[Supplied information]:
# # # #

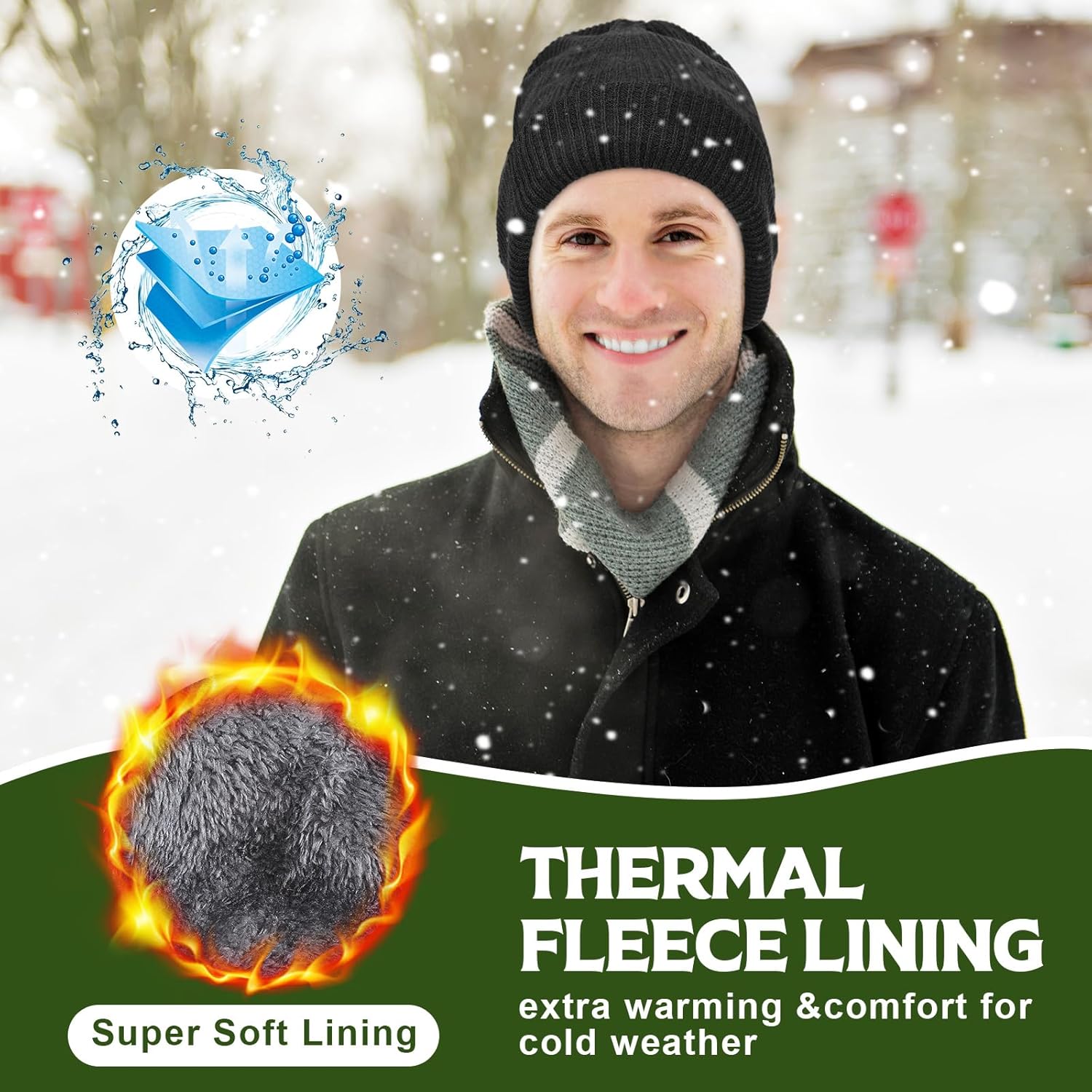 Jeyiour 3 Pcs Waterproof Beanie Fleece Lined Thermal Winter Hat Waterproof Windproof Knit Cap for Men Women Hiking Skiing - Image 5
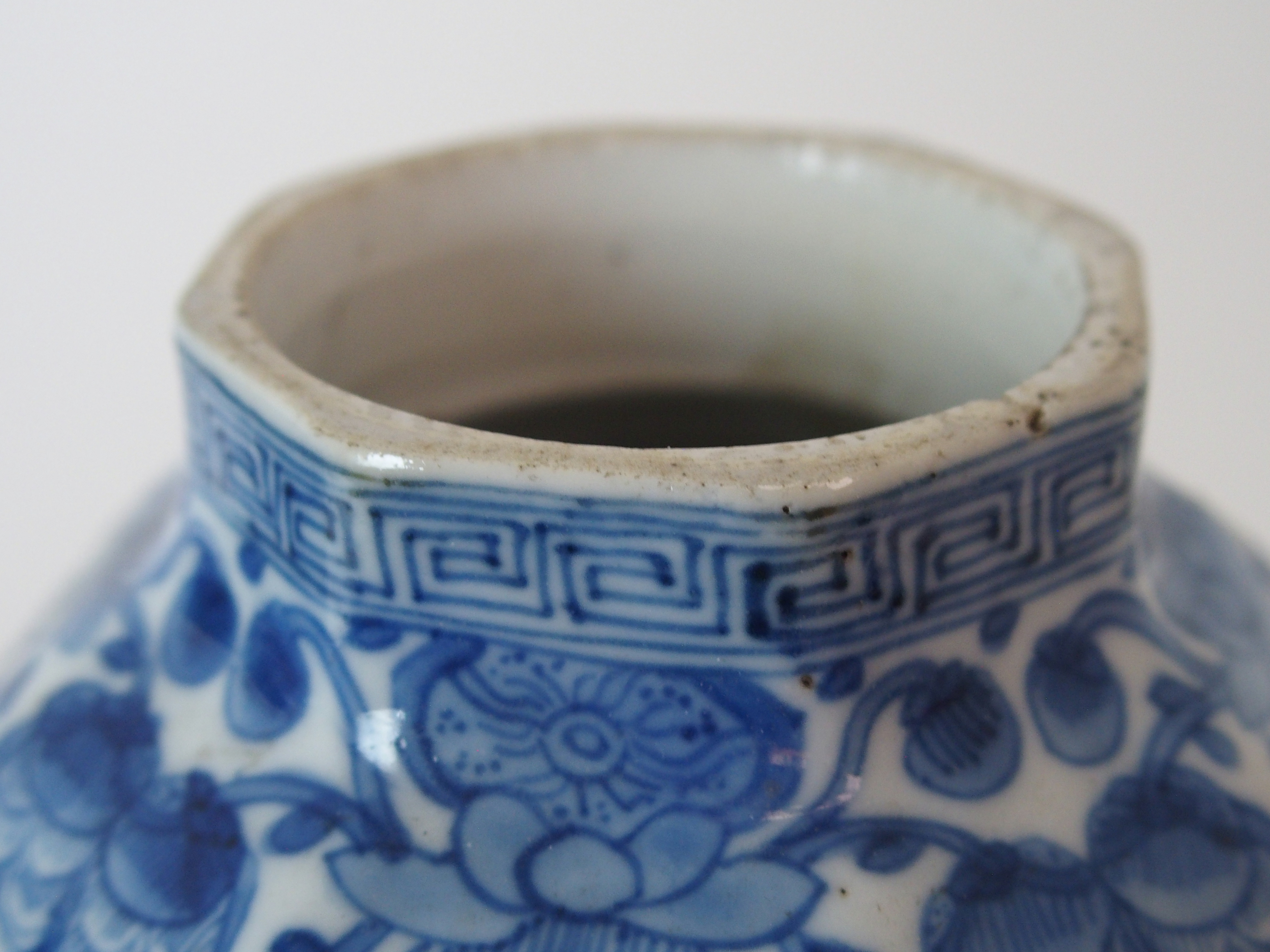 A PAIR OF CHINESE BLUE AND WHITE OCTAGONAL VASES each painted with panels of insects amongst foliage - Image 11 of 12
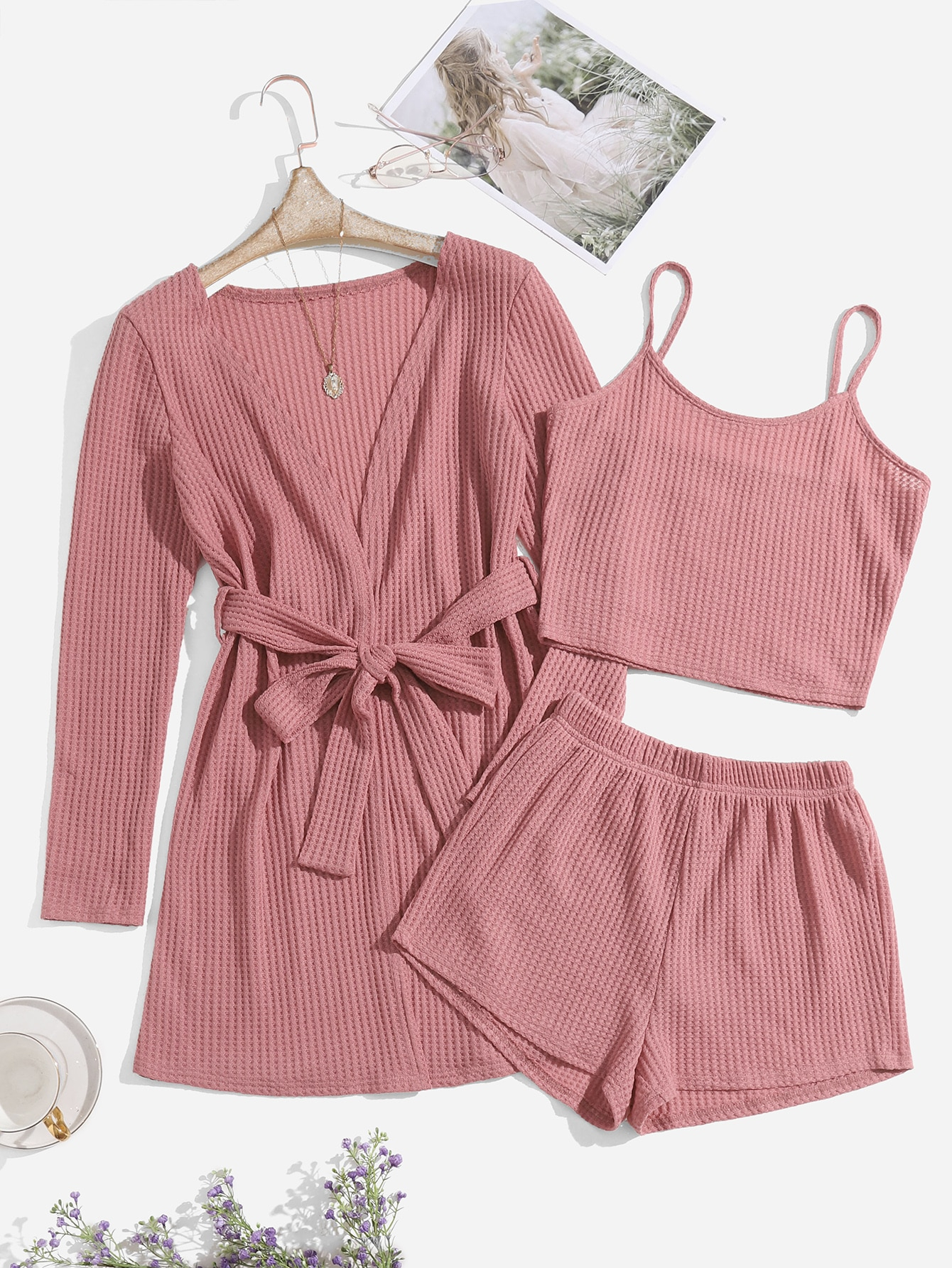 3pcs Waffle Knit Belted Lounge Set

# # # #

Return every line above verbatim, pictures excluded.

[Task output]:
 Jeyiour 3 Pcs Waterproof Beanie Fleece Lined Thermal Winter Hat Waterproof Windproof Knit Cap for Men Women Hiking Skiing - Image 5
 A PAIR OF CHINESE BLUE AND WHITE OCTAGONAL VASES each painted with panels of insects amongst foliage - Image 11 of 12
 3pcs Waffle Knit Belted Lounge Set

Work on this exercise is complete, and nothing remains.